[Caption-style text data]
<<<<

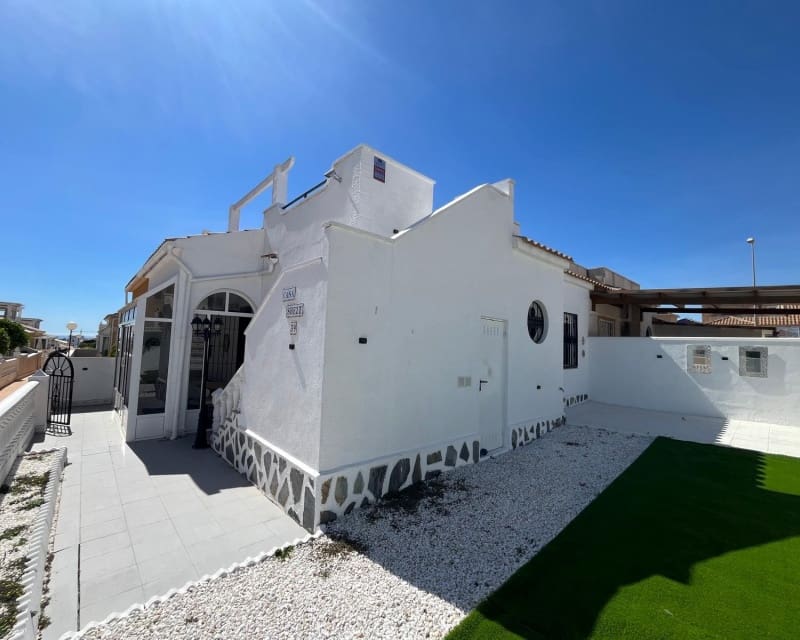 2 Zimmer Bungalow zu verkaufen in Orihuela Costa mit Pool Garage - 209.999 € (Ref: 9926421)
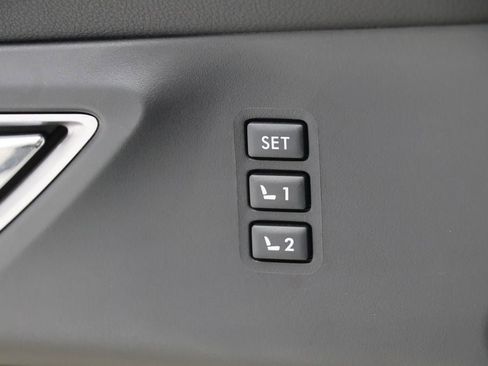 Used 2022 Subaru Ascent Limited w/ Technology Package image 33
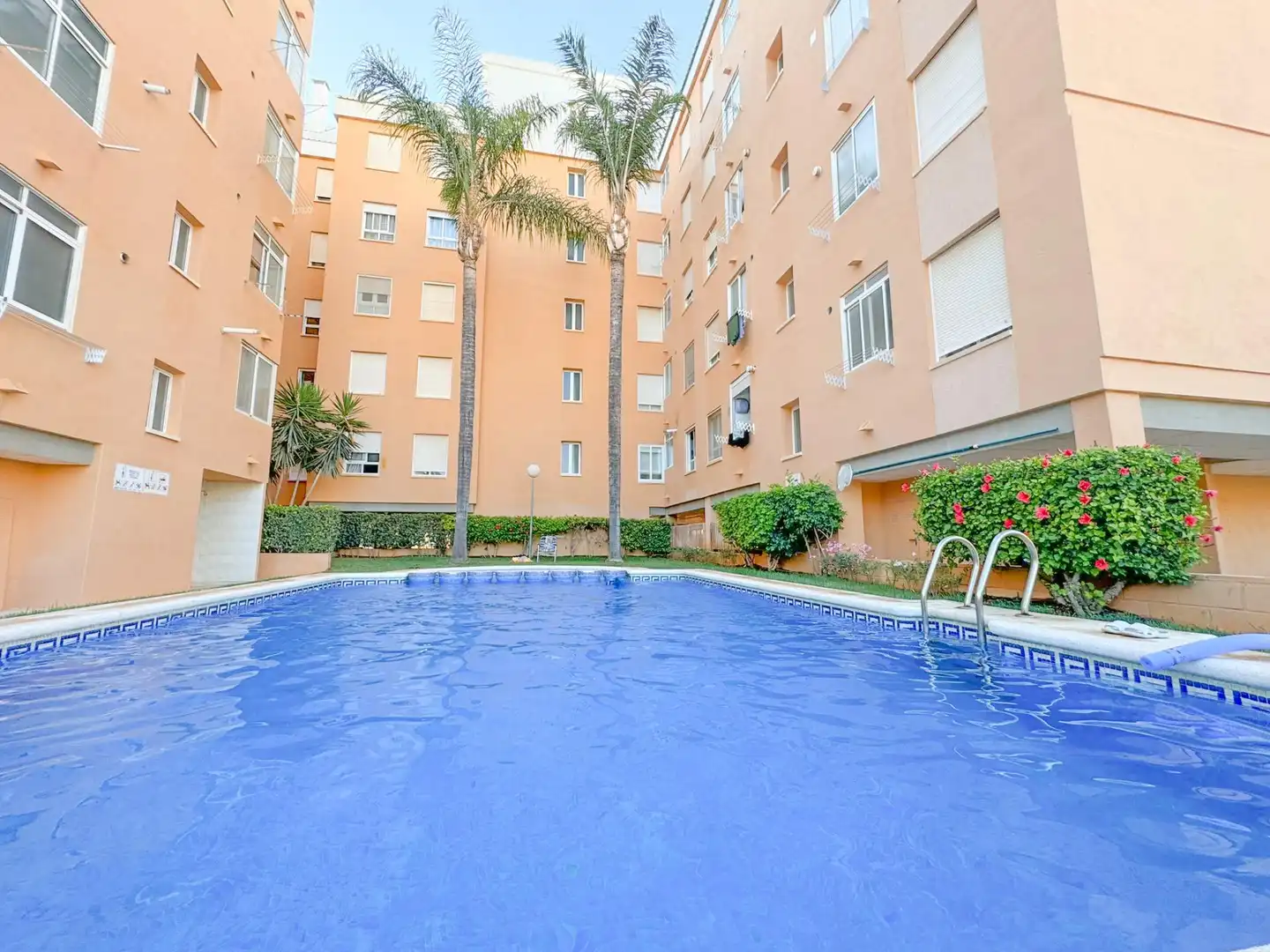 Apartament amb terrassa en venda a Centro Urbano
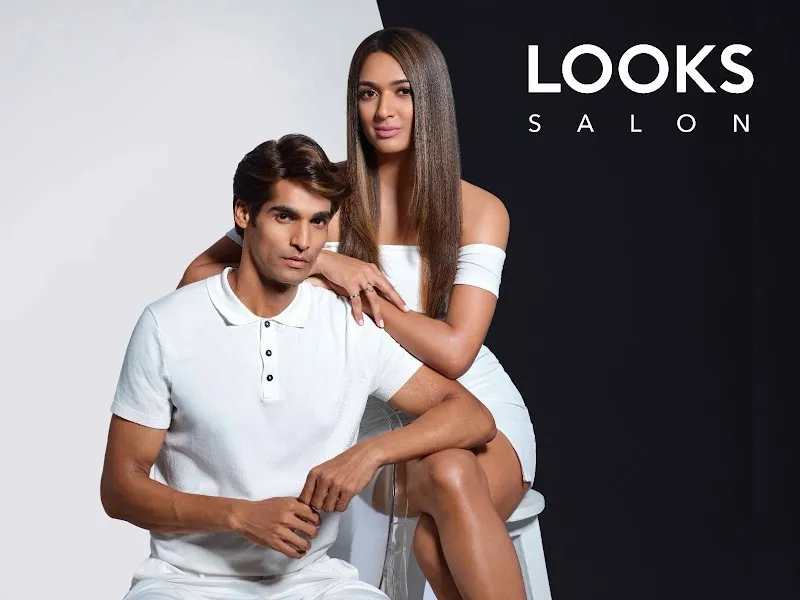 Looks Salon Pvr Saket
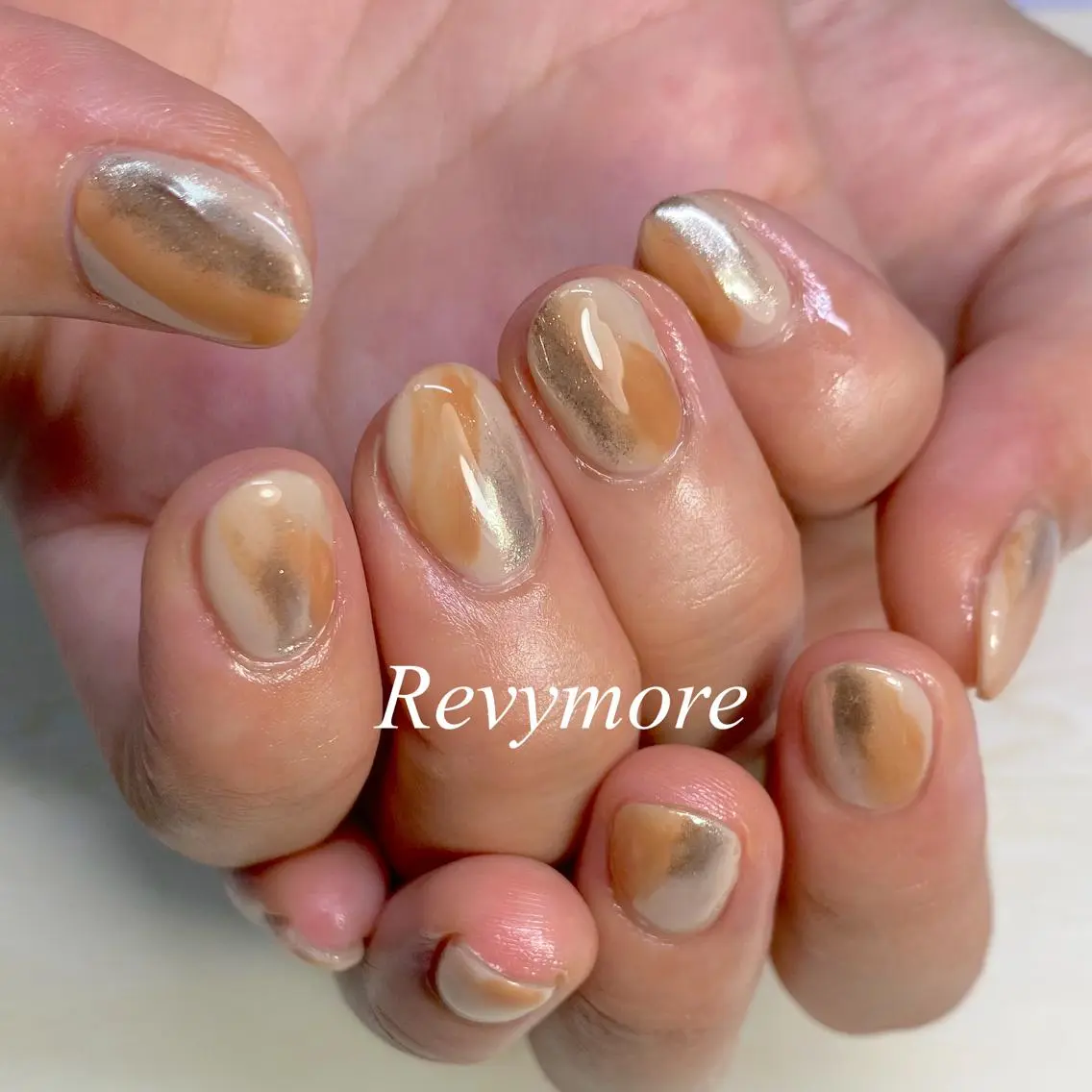 ショート ネイル アートネイル ジェルネイル ミラーネイル シンプルネイル nail salon Revymoreのネイルデザイン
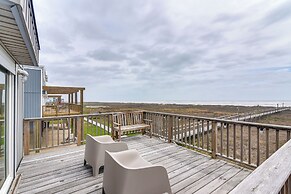 Bbqs + Decks: Oceanfront Surfside Beach Home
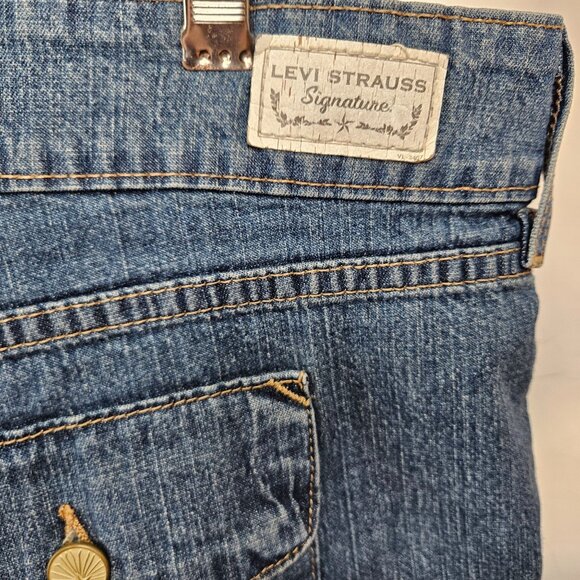 Levi Strauss Signature Womens Jean Short Bermuda 18 Misses Denim Walking Long - Picture 8 of 9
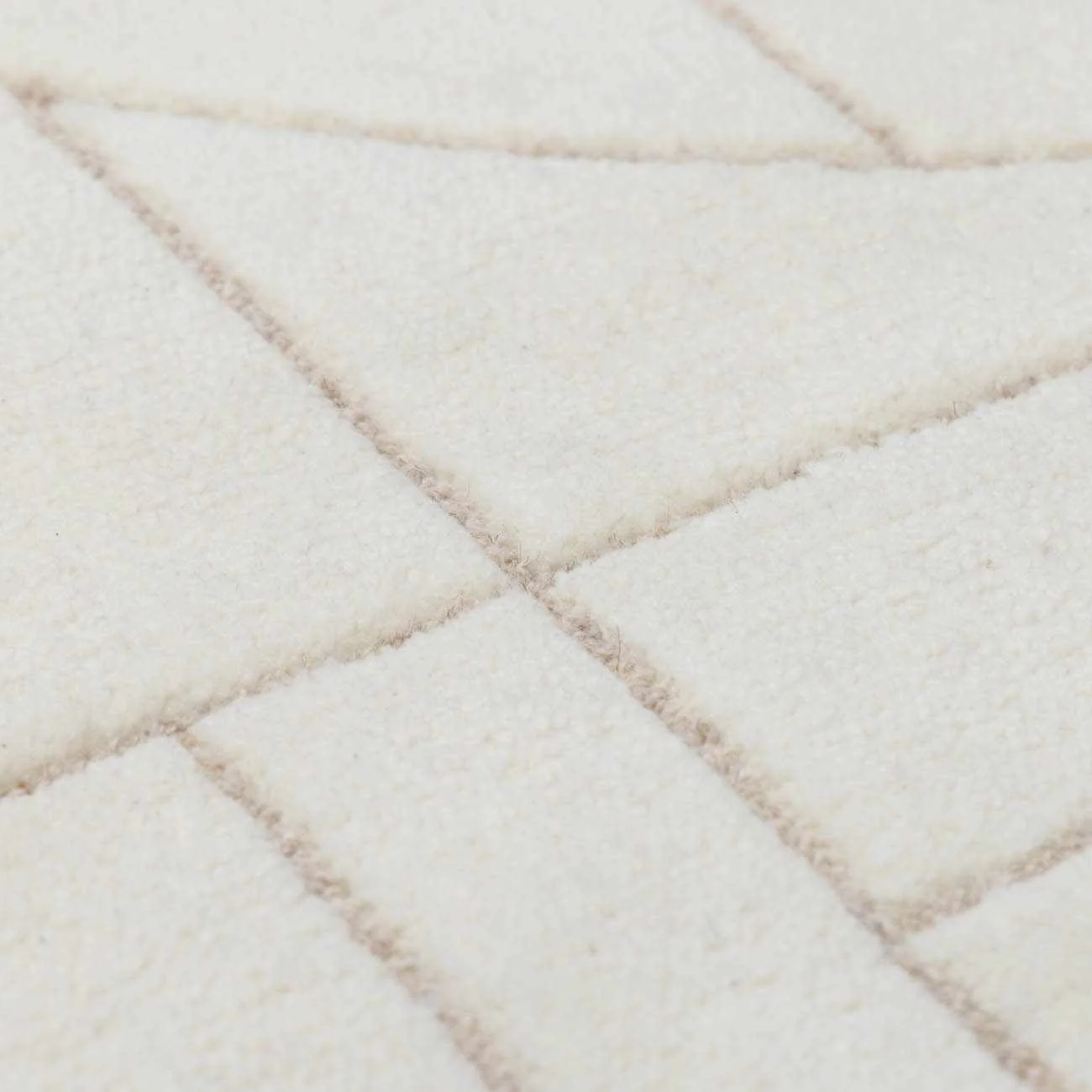 Fusao Beige Area Rug - Image 11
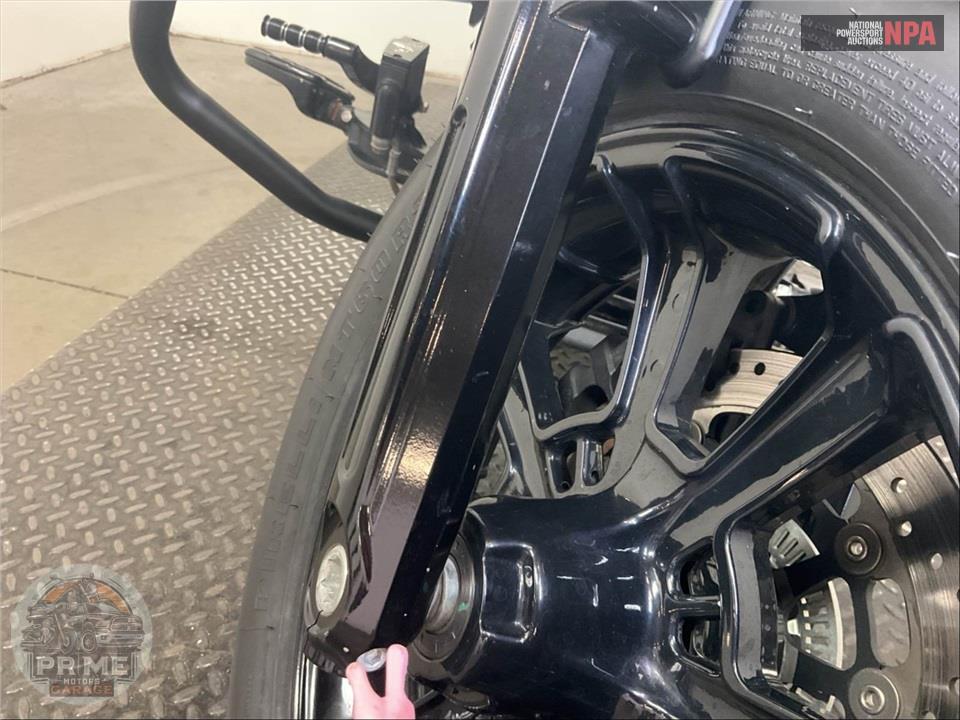 2021 Indian Motorcycle SCOUT BOBBER (ABS, BLACK SMOKE) — фото 22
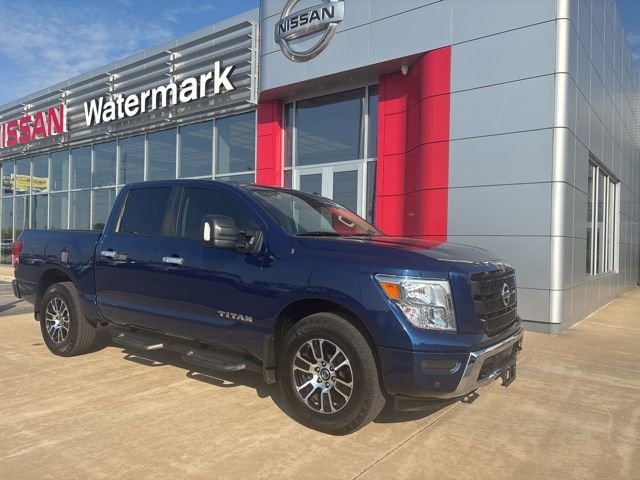 Used 2021 Nissan Titan SV w/ SV Convenience Package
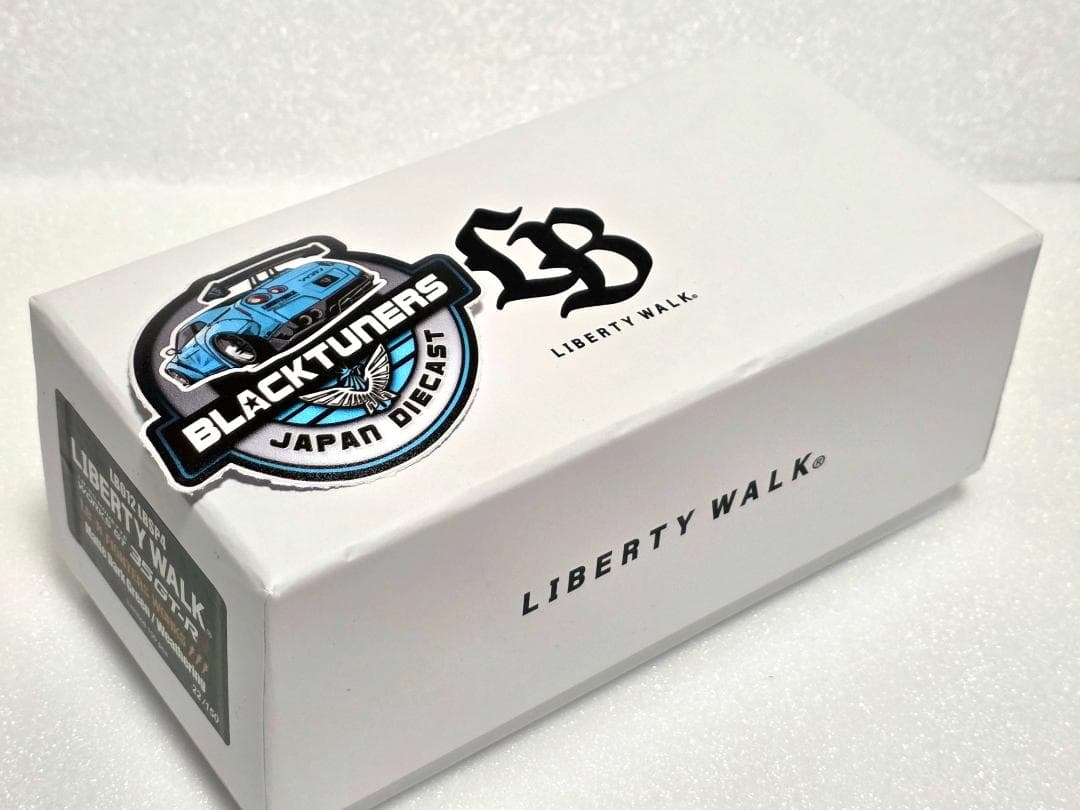 リバティウォーク 限定 Make Up GT-R LBWK1/43サイン入り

>>>>

• [What you will do]
The expected output is an exact copy of the lines from the top of the data above through the line containing "Bbqs + Decks: Oceanfront Surfside Beach Home", both included, with every picture omitted.

• [Answer area]
 2 Zimmer Bungalow zu verkaufen in Orihuela Costa mit Pool Garage - 209.999 € (Ref: 9926421)
 Used 2022 Subaru Ascent Limited w/ Technology Package image 33
 Apartament amb terrassa en venda a Centro Urbano
 Looks Salon Pvr Saket
 ショート ネイル アートネイル ジェルネイル ミラーネイル シンプルネイル nail salon Revymoreのネイルデザイン
 Bbqs + Decks: Oceanfront Surfside Beach Home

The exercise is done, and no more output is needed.